To do> Your task is to transcribe the data exactly while omitting each picture.

----------

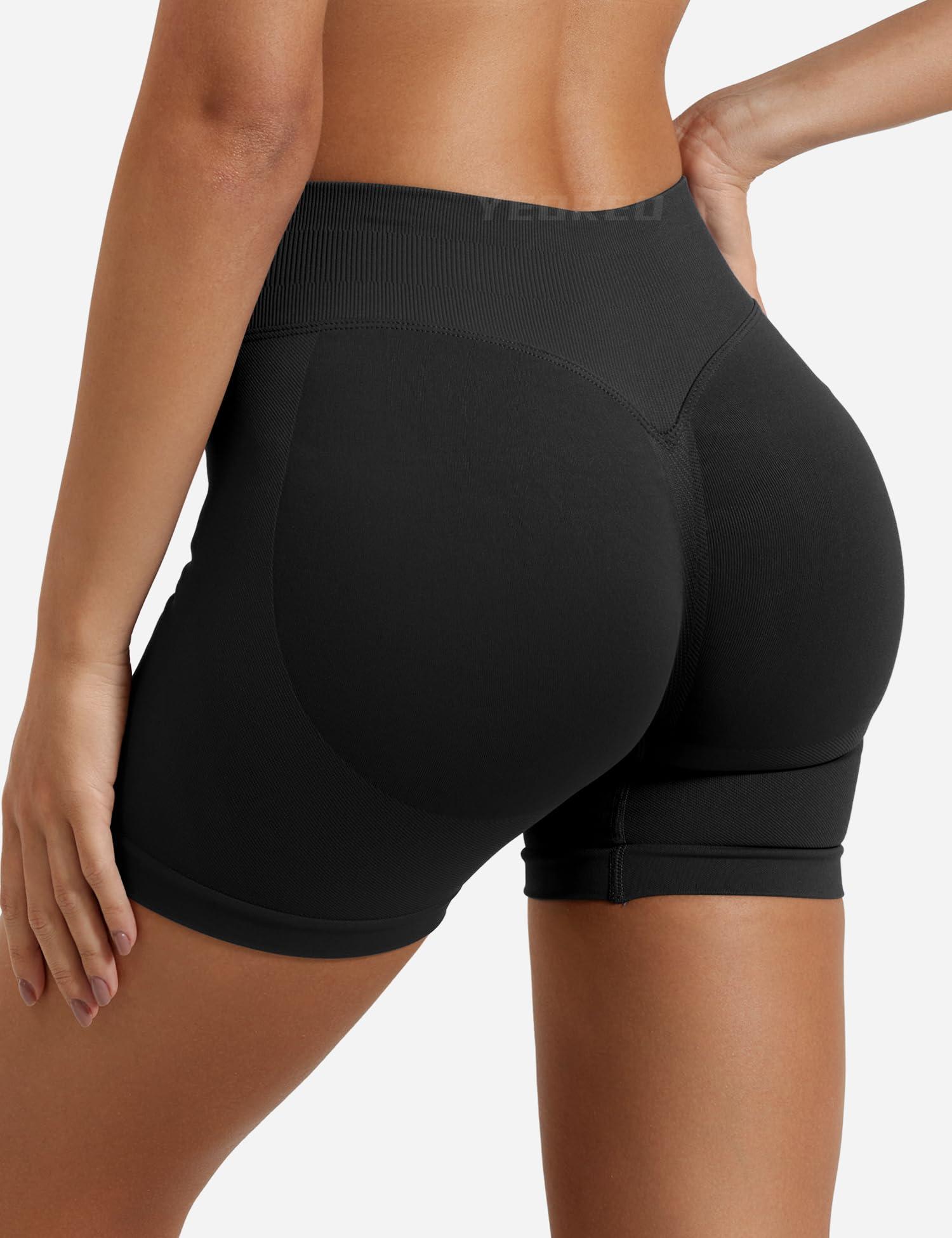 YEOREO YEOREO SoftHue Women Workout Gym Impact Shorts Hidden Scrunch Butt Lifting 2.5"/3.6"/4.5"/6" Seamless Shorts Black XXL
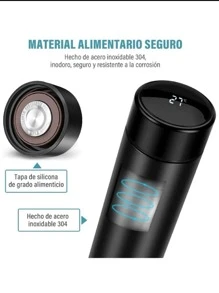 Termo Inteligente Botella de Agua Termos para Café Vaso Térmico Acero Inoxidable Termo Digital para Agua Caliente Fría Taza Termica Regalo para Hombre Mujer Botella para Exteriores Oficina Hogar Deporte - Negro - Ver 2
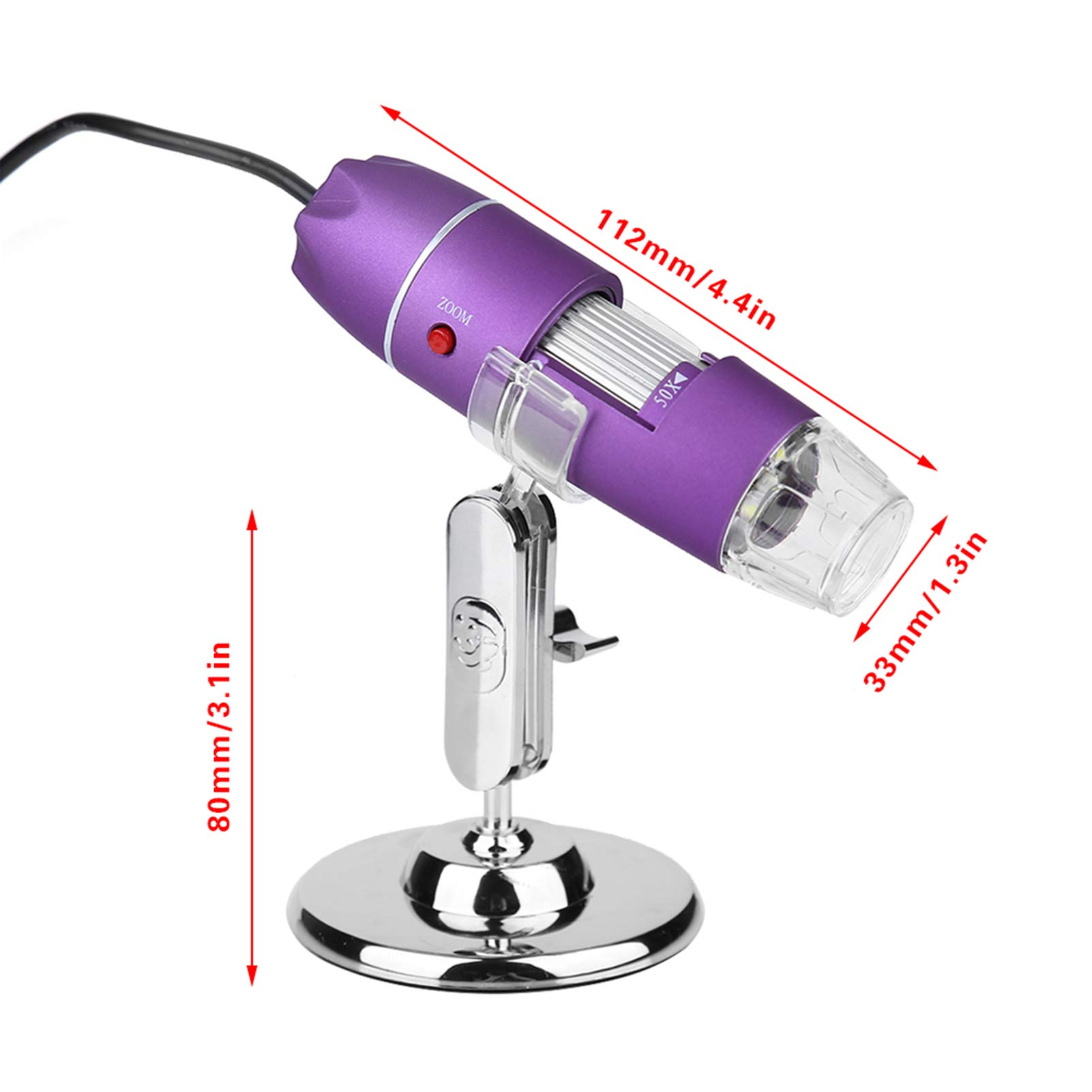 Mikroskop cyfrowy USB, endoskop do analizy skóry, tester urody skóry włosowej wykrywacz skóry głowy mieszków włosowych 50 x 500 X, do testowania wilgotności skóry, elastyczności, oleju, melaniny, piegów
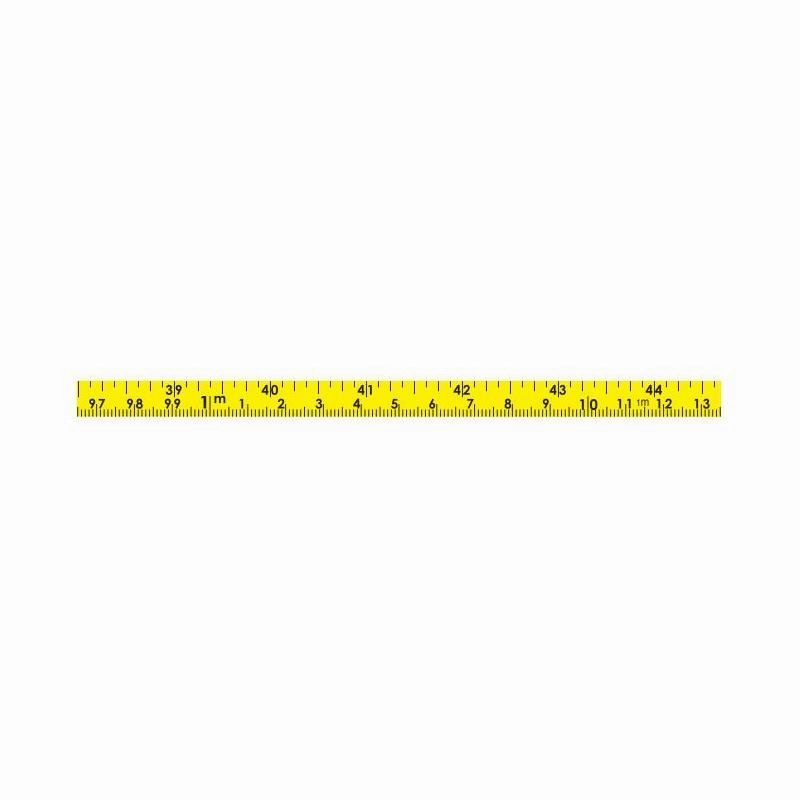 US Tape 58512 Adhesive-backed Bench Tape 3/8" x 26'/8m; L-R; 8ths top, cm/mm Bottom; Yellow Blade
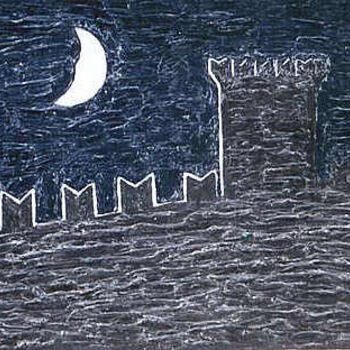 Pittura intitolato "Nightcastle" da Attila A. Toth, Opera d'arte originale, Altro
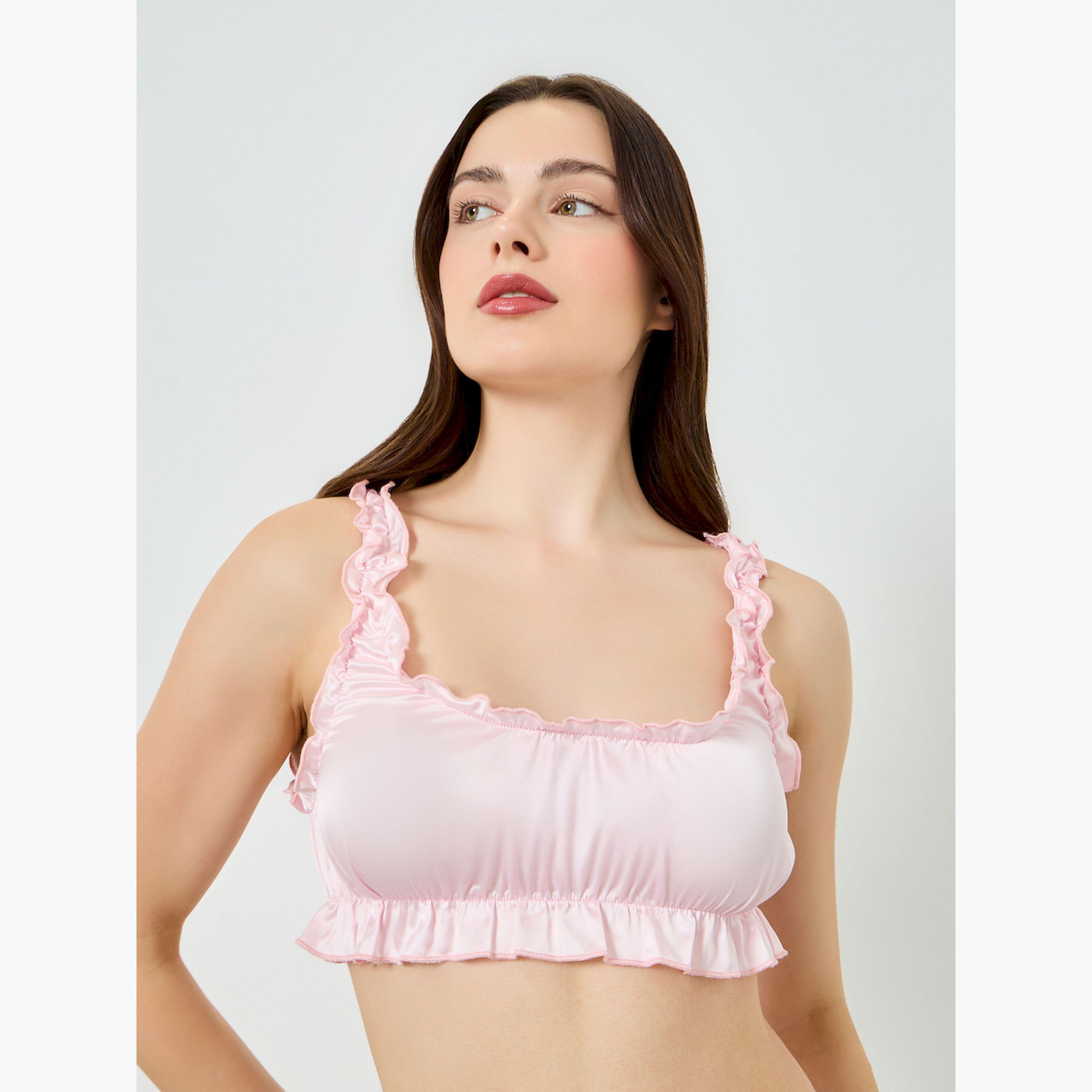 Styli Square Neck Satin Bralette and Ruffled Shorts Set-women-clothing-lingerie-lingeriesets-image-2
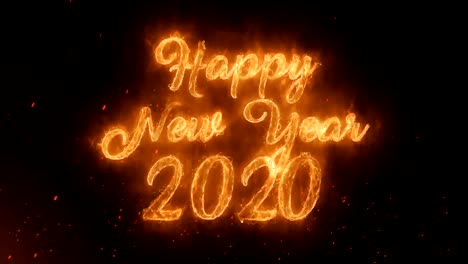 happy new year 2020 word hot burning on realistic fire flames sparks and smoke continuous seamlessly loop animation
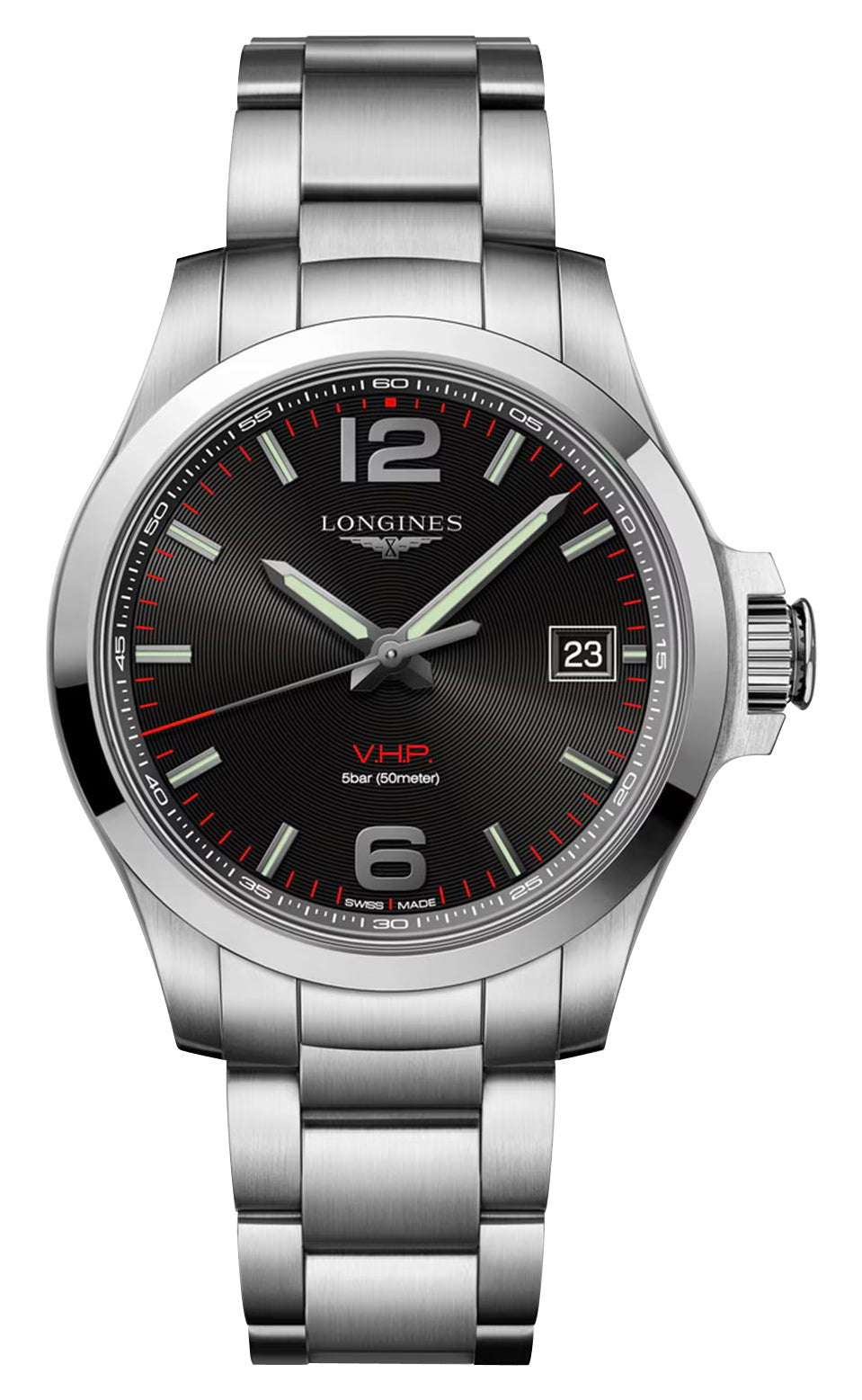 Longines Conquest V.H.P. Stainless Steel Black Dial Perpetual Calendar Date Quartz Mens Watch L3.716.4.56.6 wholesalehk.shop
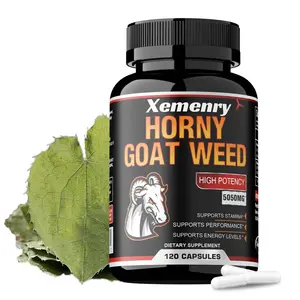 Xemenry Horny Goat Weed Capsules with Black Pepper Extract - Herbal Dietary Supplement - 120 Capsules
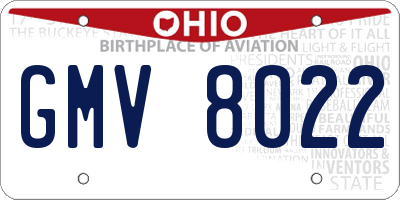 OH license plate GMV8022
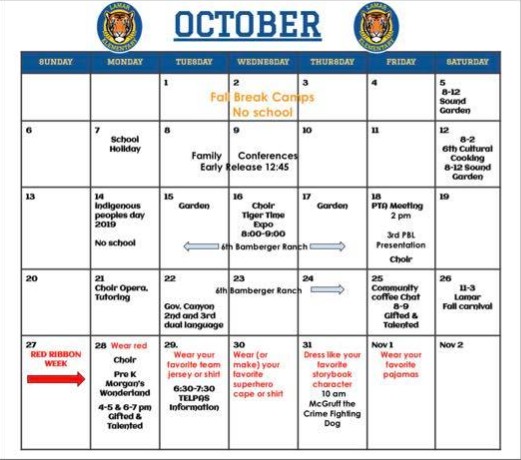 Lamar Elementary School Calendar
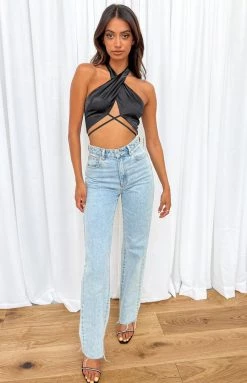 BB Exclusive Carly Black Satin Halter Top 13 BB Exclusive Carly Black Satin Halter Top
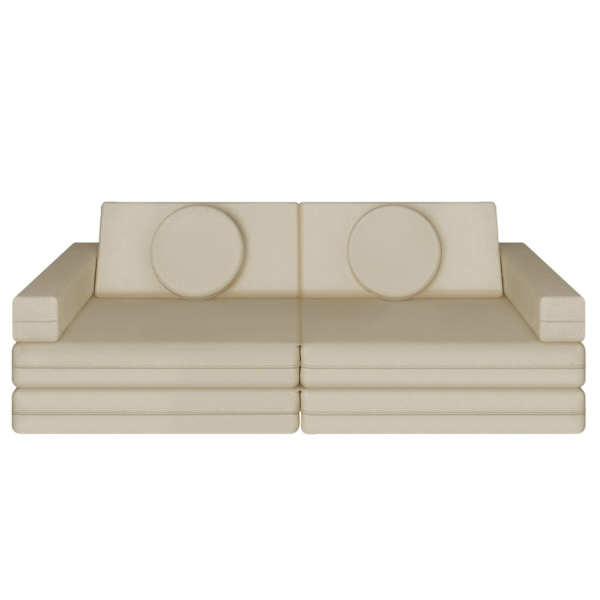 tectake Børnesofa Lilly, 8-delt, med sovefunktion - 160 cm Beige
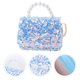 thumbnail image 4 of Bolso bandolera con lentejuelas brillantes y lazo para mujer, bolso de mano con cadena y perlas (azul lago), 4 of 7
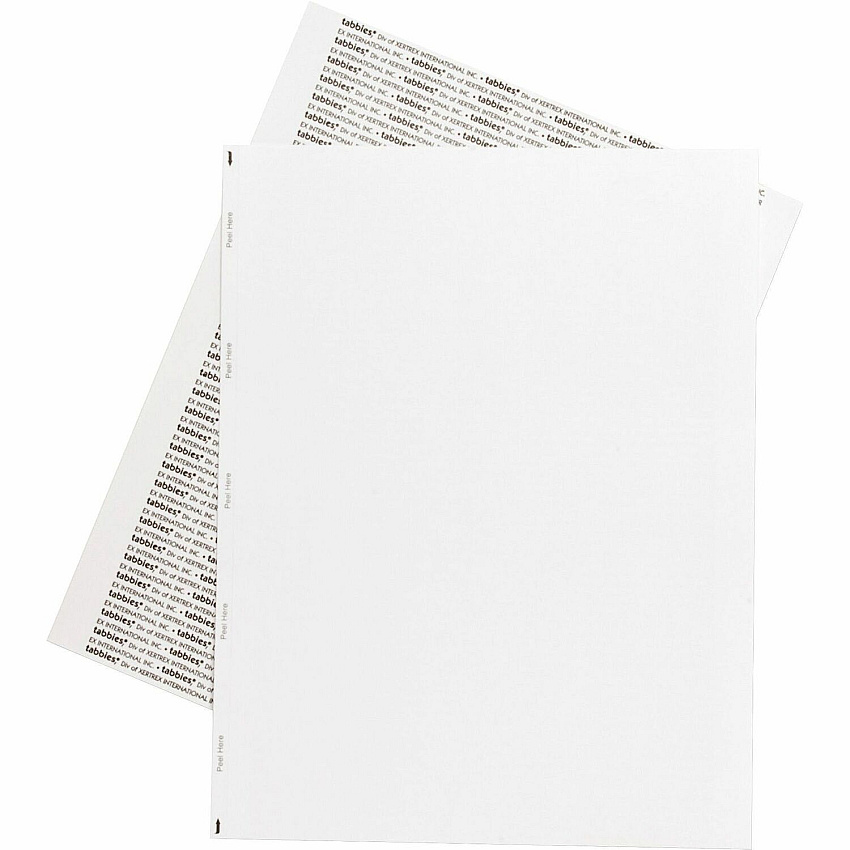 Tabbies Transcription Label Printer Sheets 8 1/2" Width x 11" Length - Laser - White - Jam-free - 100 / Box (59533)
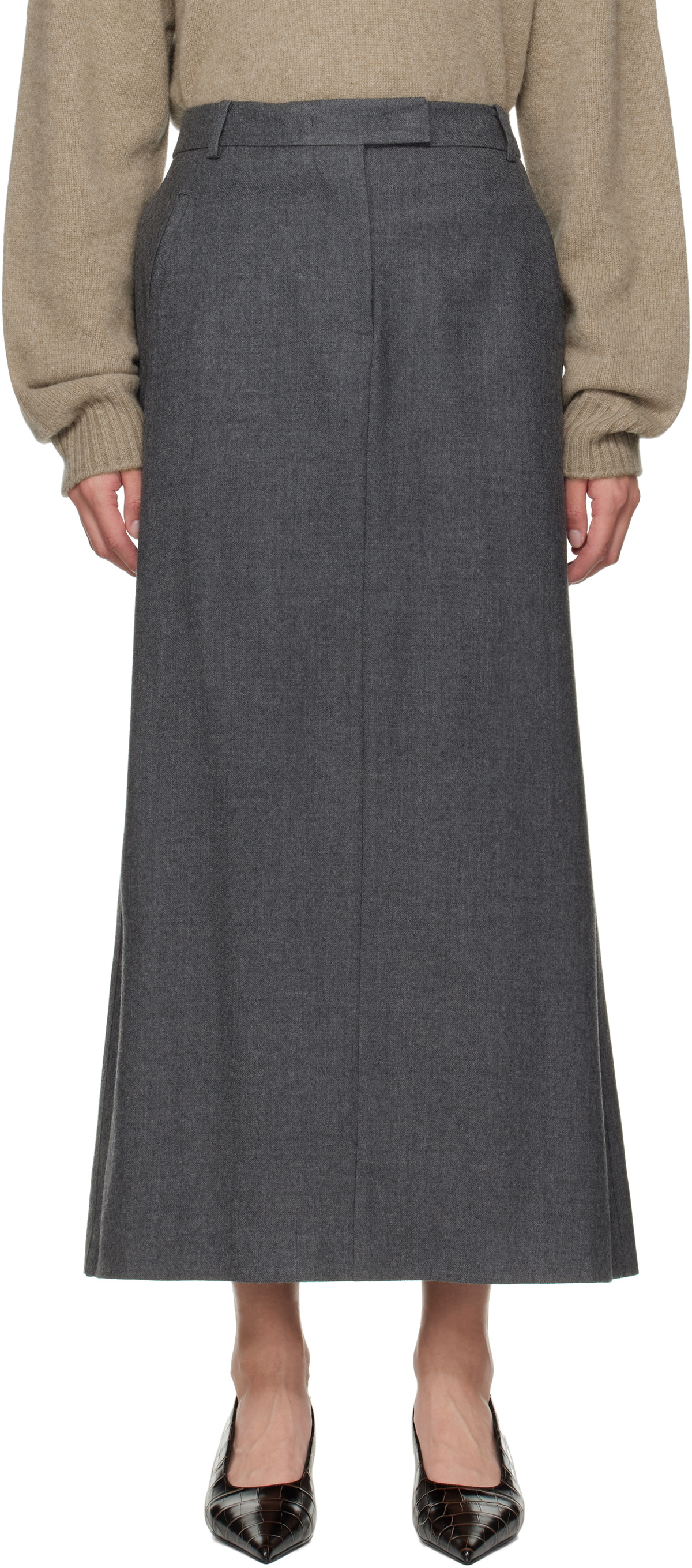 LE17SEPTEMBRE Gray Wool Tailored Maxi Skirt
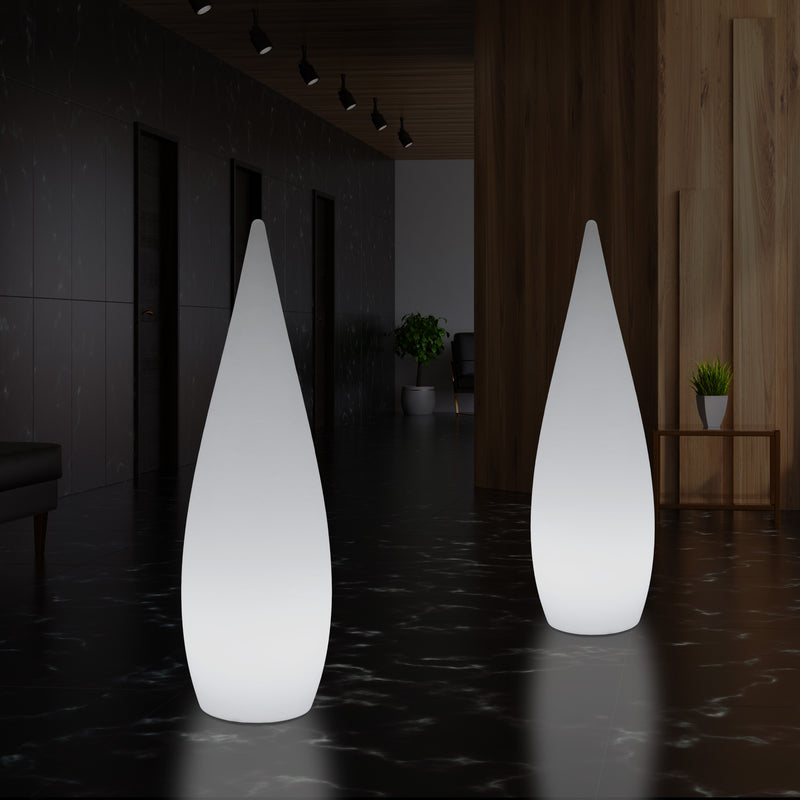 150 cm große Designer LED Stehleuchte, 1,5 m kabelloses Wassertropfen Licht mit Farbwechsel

----------

Your response>
 YEOREO YEOREO SoftHue Women Workout Gym Impact Shorts Hidden Scrunch Butt Lifting 2.5"/3.6"/4.5"/6" Seamless Shorts Black XXL
 Termo Inteligente Botella de Agua Termos para Café Vaso Térmico Acero Inoxidable Termo Digital para Agua Caliente Fría Taza Termica Regalo para Hombre Mujer Botella para Exteriores Oficina Hogar Deporte - Negro - Ver 2
 Mikroskop cyfrowy USB, endoskop do analizy skóry, tester urody skóry włosowej wykrywacz skóry głowy mieszków włosowych 50 x 500 X, do testowania wilgotności skóry, elastyczności, oleju, melaniny, piegów
 US Tape 58512 Adhesive-backed Bench Tape 3/8" x 26'/8m; L-R; 8ths top, cm/mm Bottom; Yellow Blade
 Pittura intitolato "Nightcastle" da Attila A. Toth, Opera d'arte originale, Altro
 Styli Square Neck Satin Bralette and Ruffled Shorts Set-women-clothing-lingerie-lingeriesets-image-2
 happy new year 2020 word hot burning on realistic fire flames sparks and smoke continuous seamlessly loop animation
 Longines Conquest V.H.P. Stainless Steel Black Dial Perpetual Calendar Date Quartz Mens Watch L3.716.4.56.6 wholesalehk.shop
 Xemenry Horny Goat Weed Capsules with Black Pepper Extract - Herbal Dietary Supplement - 120 Capsules
 OH license plate GMV8022
 Lamar Elementary School Calendar
 BB Exclusive Carly Black Satin Halter Top 13 BB Exclusive Carly Black Satin Halter Top
 tectake Børnesofa Lilly, 8-delt, med sovefunktion - 160 cm Beige
 thumbnail image 4 of Bolso bandolera con lentejuelas brillantes y lazo para mujer, bolso de mano con cadena y perlas (azul lago), 4 of 7
 Tabbies Transcription Label Printer Sheets 8 1/2" Width x 11" Length - Laser - White - Jam-free - 100 / Box (59533)
 LE17SEPTEMBRE Gray Wool Tailored Maxi Skirt
 150 cm große Designer LED Stehleuchte, 1,5 m kabelloses Wassertropfen Licht mit Farbwechsel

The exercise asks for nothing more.